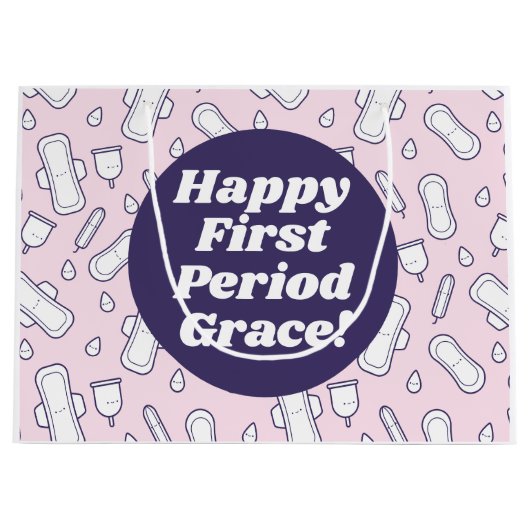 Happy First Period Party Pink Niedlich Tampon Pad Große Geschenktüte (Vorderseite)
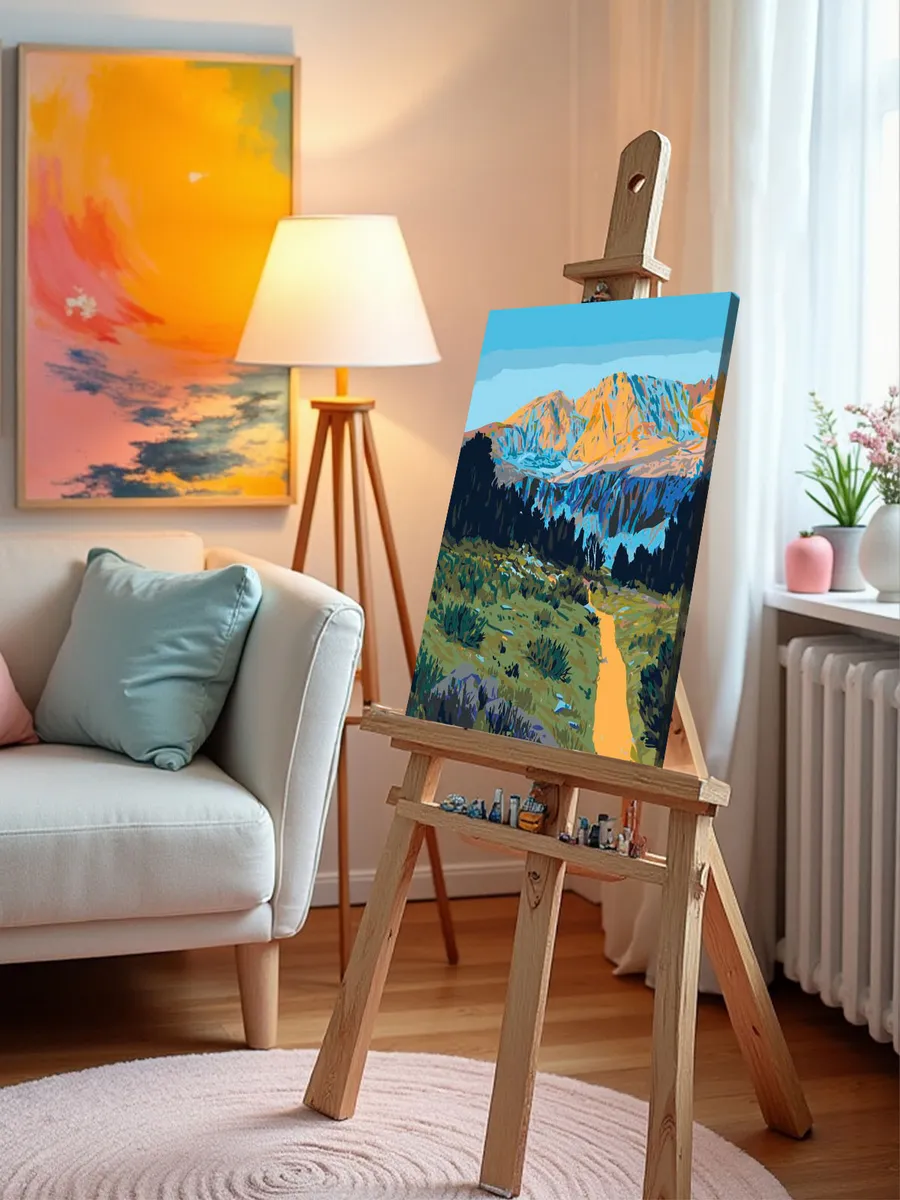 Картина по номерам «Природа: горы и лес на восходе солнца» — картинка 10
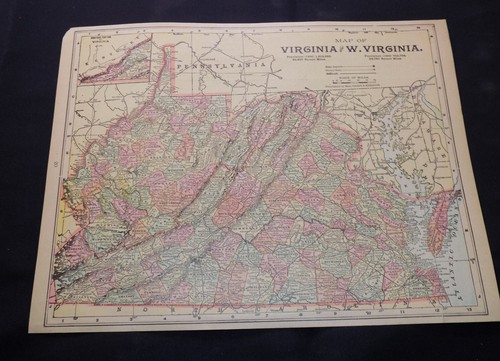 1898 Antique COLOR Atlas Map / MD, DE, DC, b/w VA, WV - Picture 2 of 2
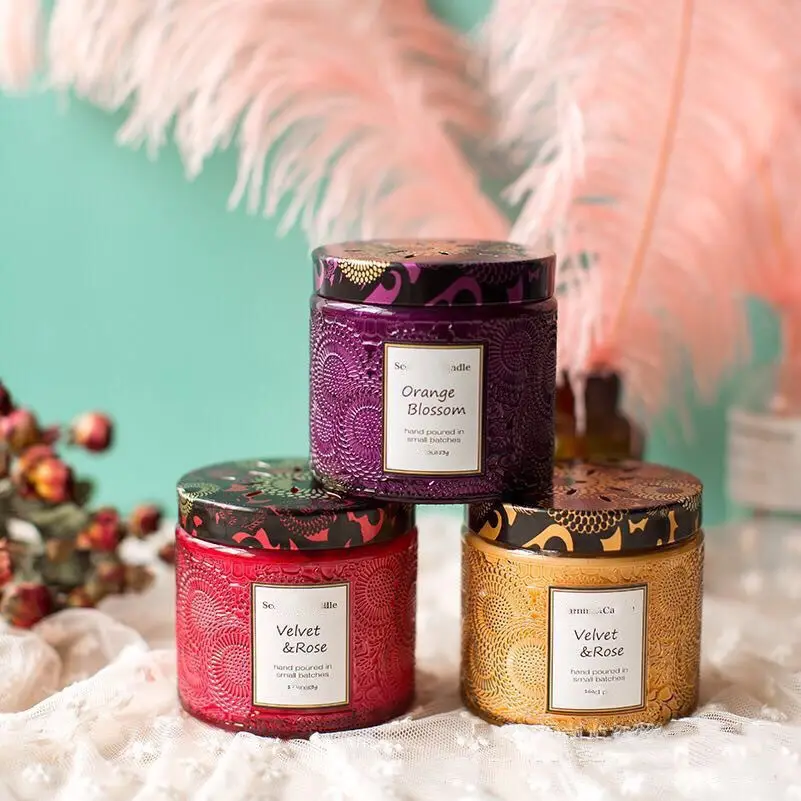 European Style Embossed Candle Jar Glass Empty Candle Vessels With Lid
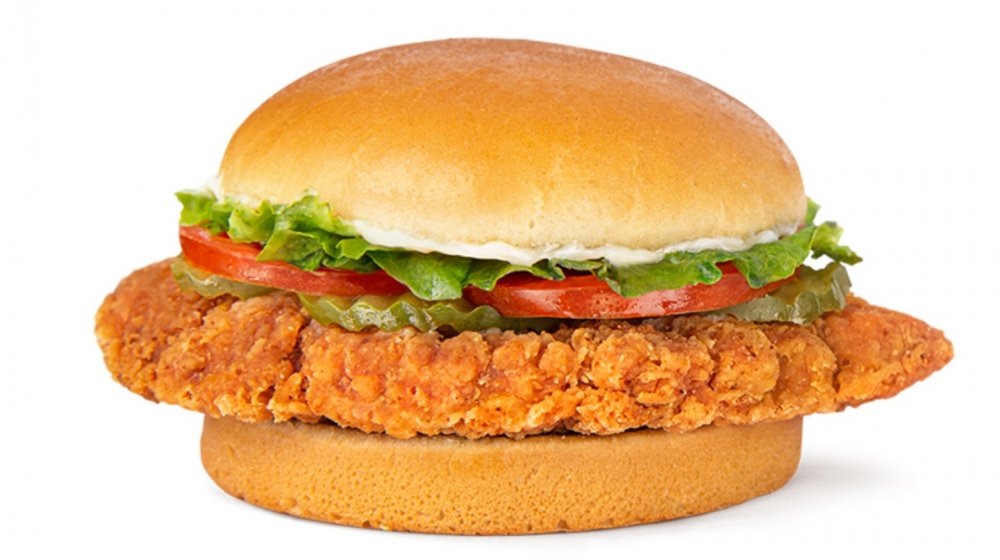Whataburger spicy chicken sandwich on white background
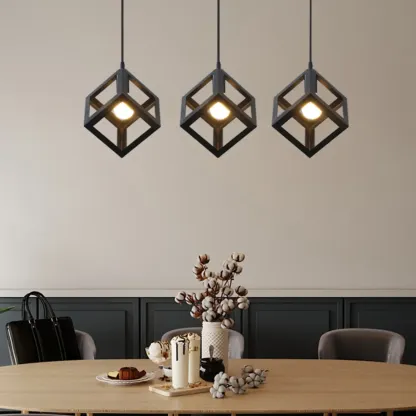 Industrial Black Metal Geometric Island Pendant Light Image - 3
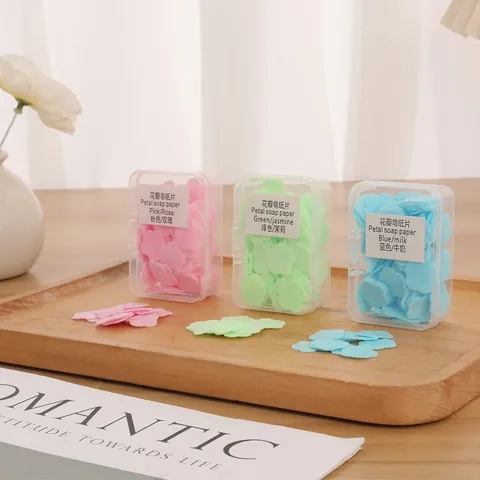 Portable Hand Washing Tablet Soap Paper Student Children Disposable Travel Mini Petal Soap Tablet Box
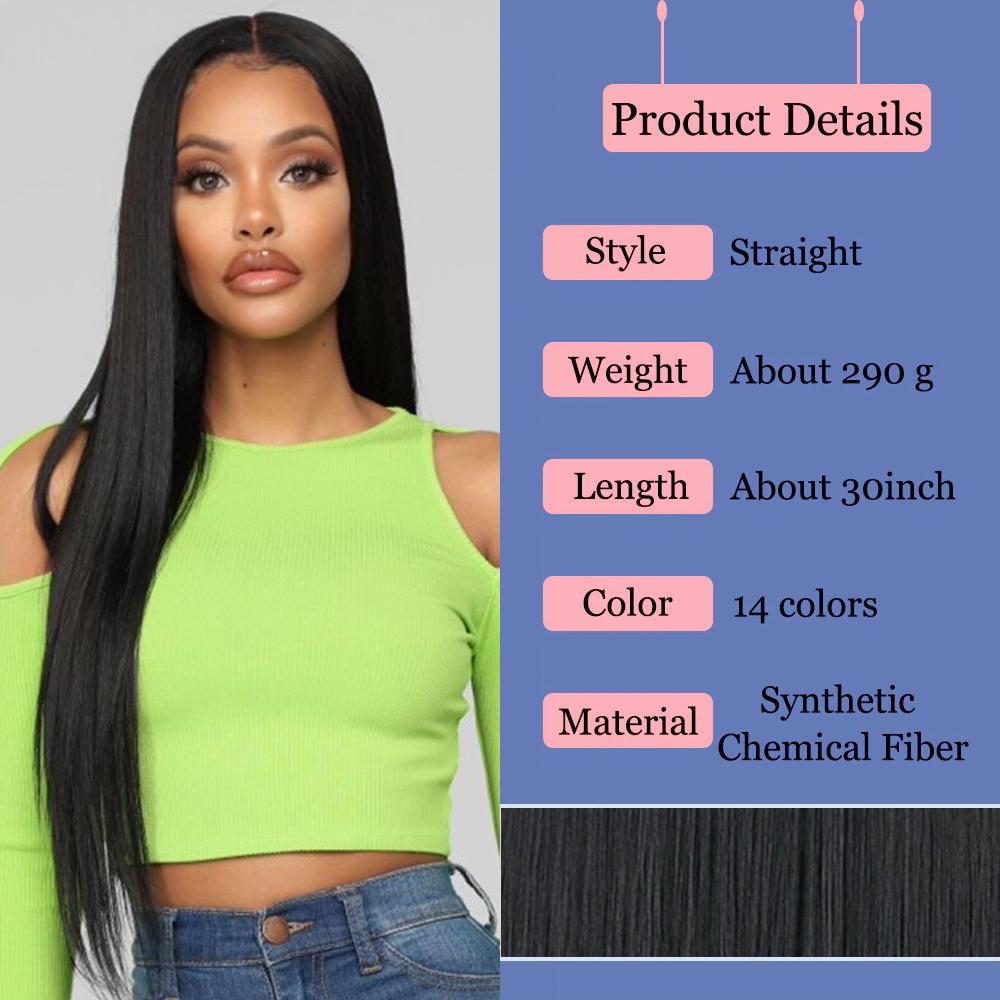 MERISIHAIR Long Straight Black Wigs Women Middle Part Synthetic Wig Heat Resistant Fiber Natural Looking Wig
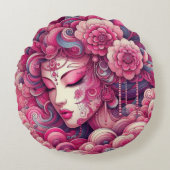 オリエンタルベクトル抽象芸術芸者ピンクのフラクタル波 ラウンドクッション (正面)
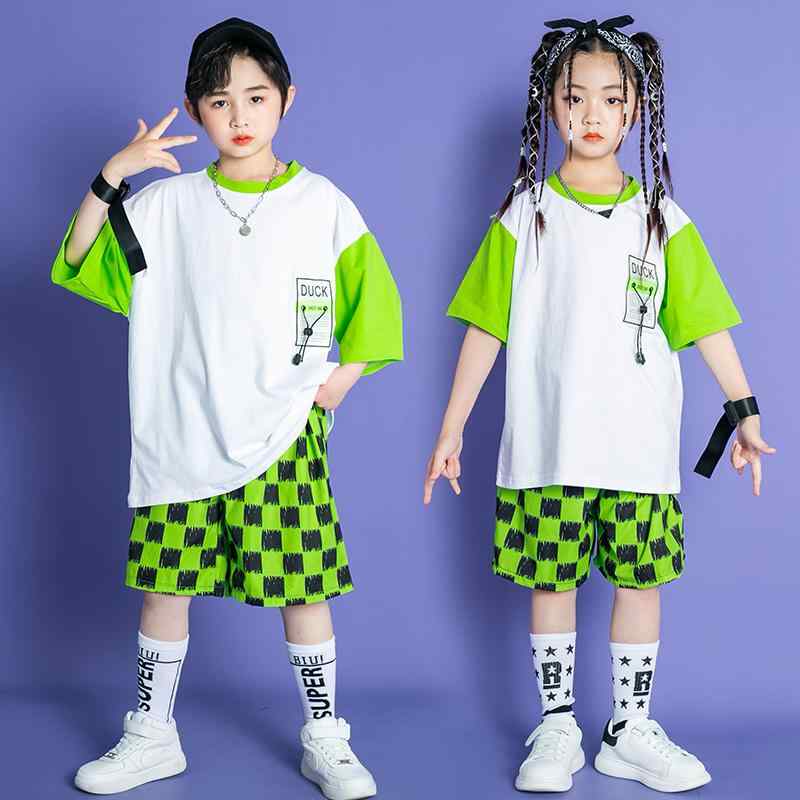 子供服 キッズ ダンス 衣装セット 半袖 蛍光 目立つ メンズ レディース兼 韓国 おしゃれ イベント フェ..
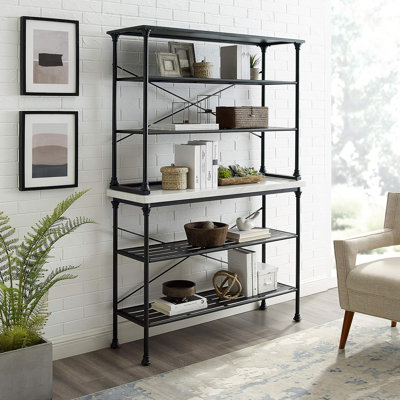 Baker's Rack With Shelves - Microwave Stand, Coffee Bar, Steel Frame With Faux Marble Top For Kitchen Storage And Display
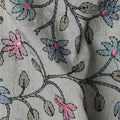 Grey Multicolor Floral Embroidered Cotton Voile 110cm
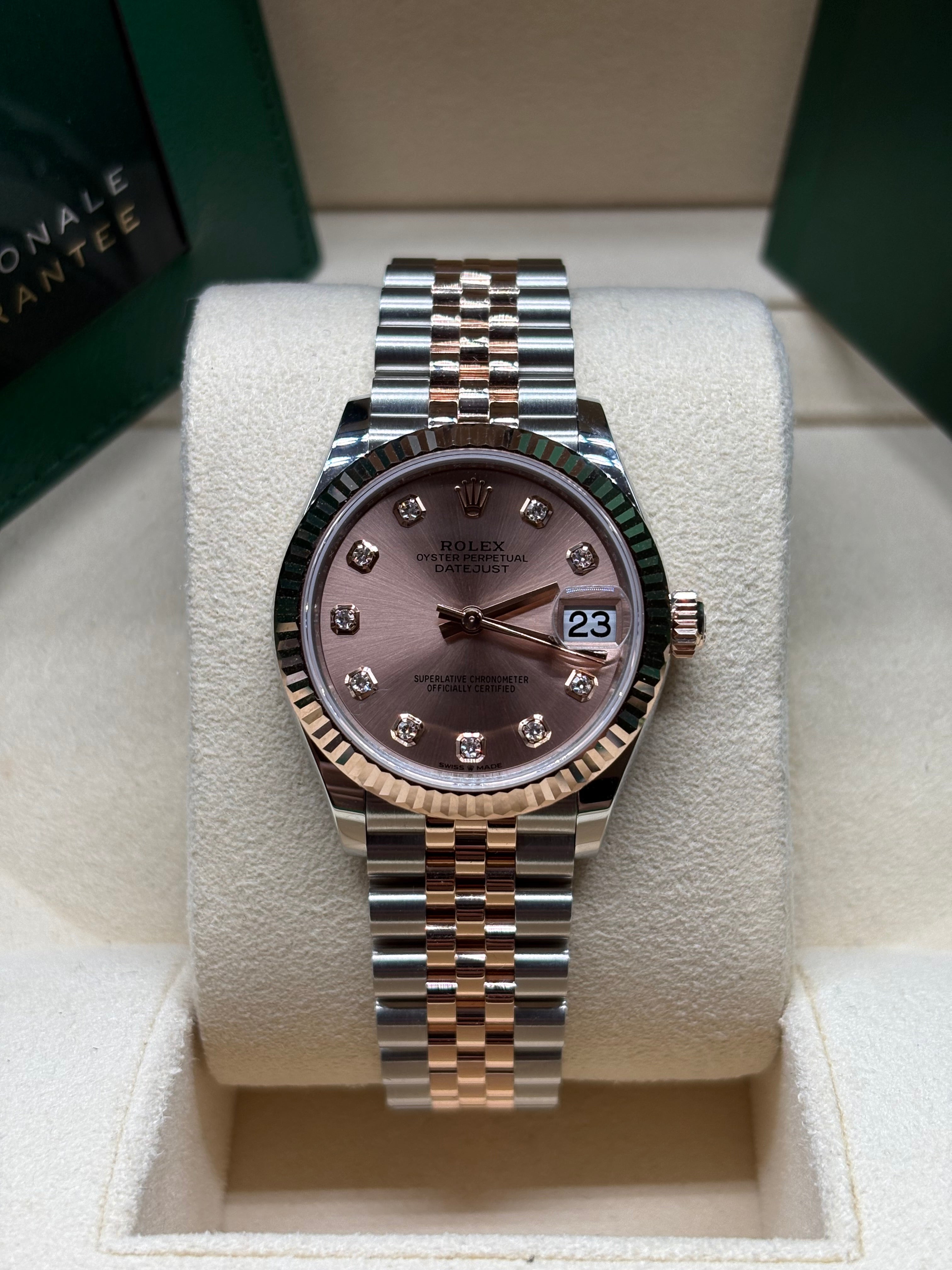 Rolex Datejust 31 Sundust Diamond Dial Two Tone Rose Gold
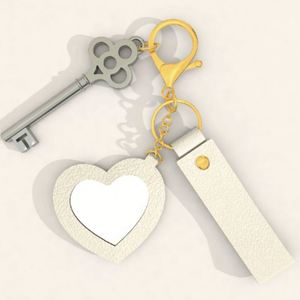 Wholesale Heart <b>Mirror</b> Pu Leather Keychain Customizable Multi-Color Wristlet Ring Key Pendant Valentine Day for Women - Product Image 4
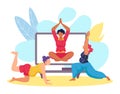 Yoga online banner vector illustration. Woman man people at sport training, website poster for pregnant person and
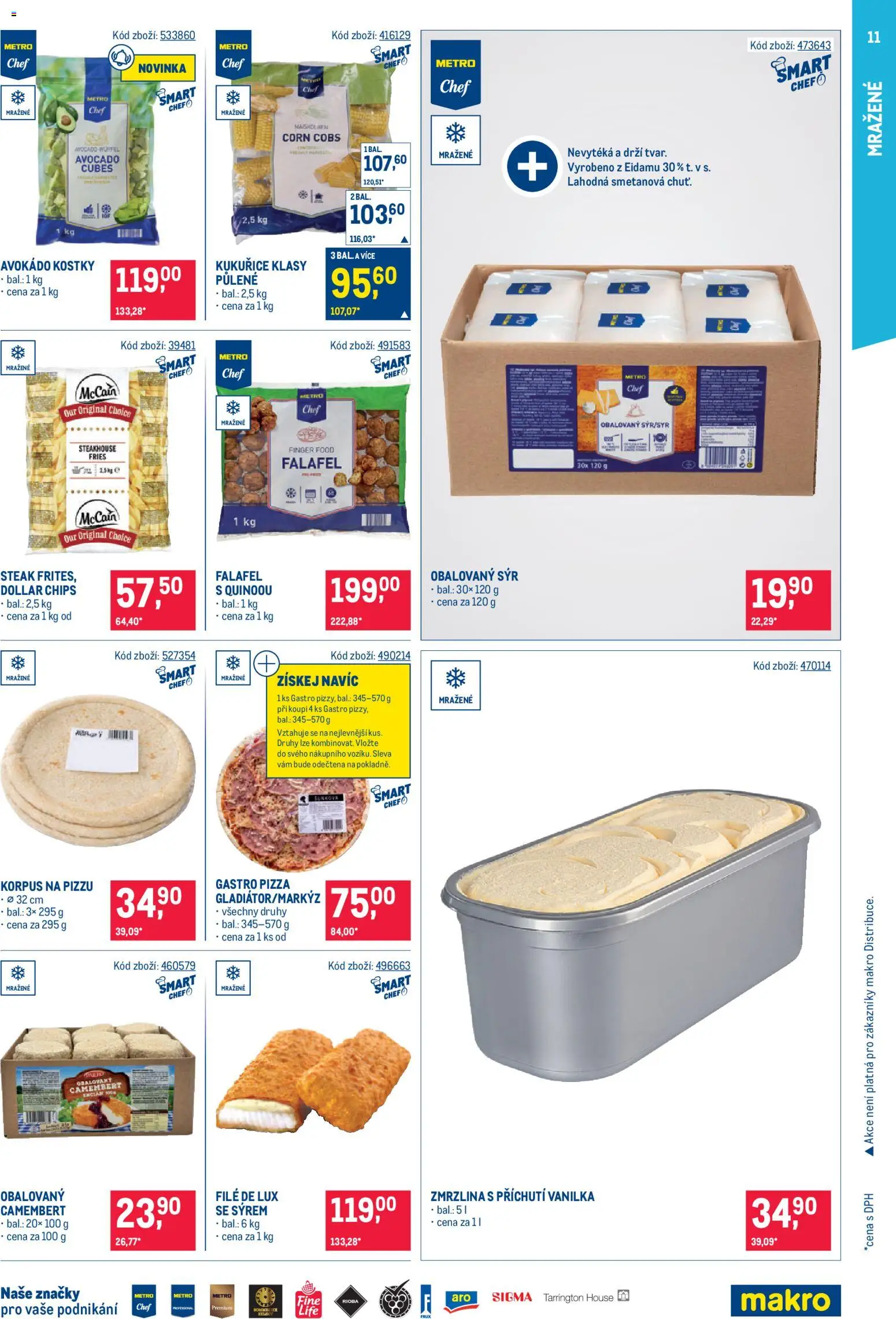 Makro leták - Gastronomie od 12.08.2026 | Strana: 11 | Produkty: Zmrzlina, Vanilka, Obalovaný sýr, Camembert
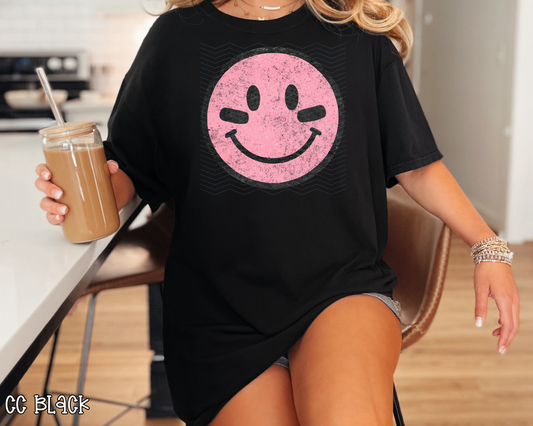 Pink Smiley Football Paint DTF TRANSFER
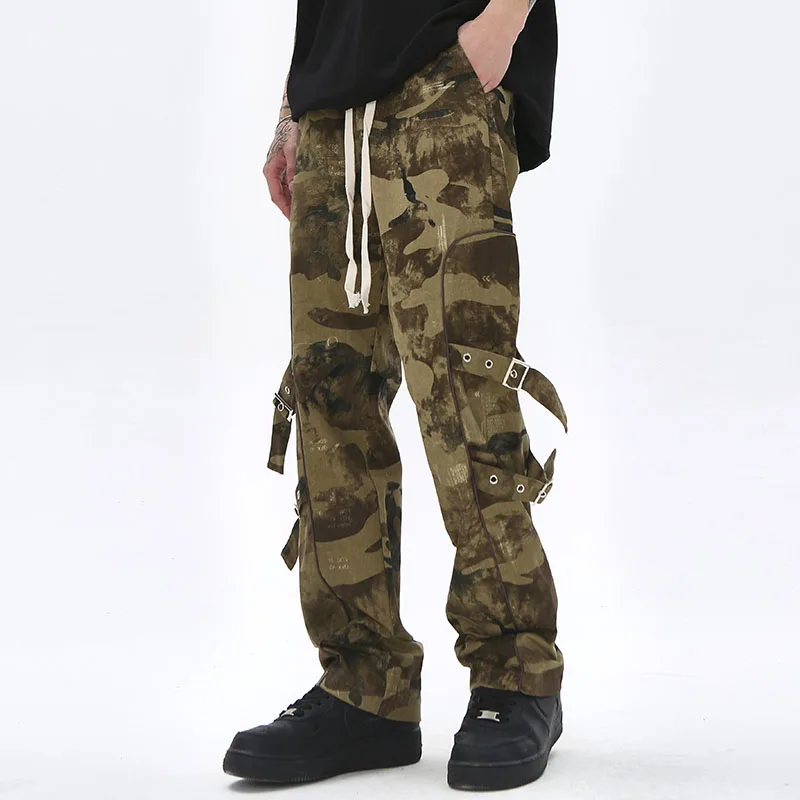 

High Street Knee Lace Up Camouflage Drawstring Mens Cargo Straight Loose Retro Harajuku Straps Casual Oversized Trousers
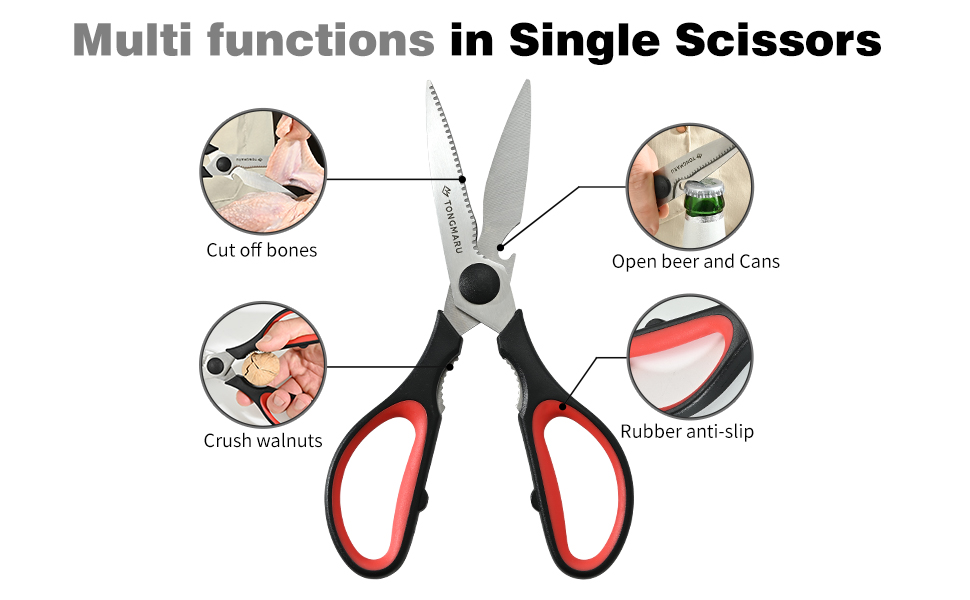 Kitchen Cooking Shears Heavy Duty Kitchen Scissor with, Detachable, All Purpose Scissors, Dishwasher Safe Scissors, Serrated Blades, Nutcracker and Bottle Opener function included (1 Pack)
----
Leave out the images and write out the lines above exactly, from the one with "Baker's Rack With" up to and including the one with "Wholesale Heart <b>Mirror</b>".

#### Reply to the task
 Baker's Rack With Shelves - Microwave Stand, Coffee Bar, Steel Frame With Faux Marble Top For Kitchen Storage And Display
 Grey Multicolor Floral Embroidered Cotton Voile 110cm
 Rolex Datejust 31 Sundust Diamond Dial Two Tone Rose Gold
 Wholesale Heart <b>Mirror</b> Pu Leather Keychain Customizable Multi-Color Wristlet Ring Key Pendant Valentine Day for Women - Product Image 4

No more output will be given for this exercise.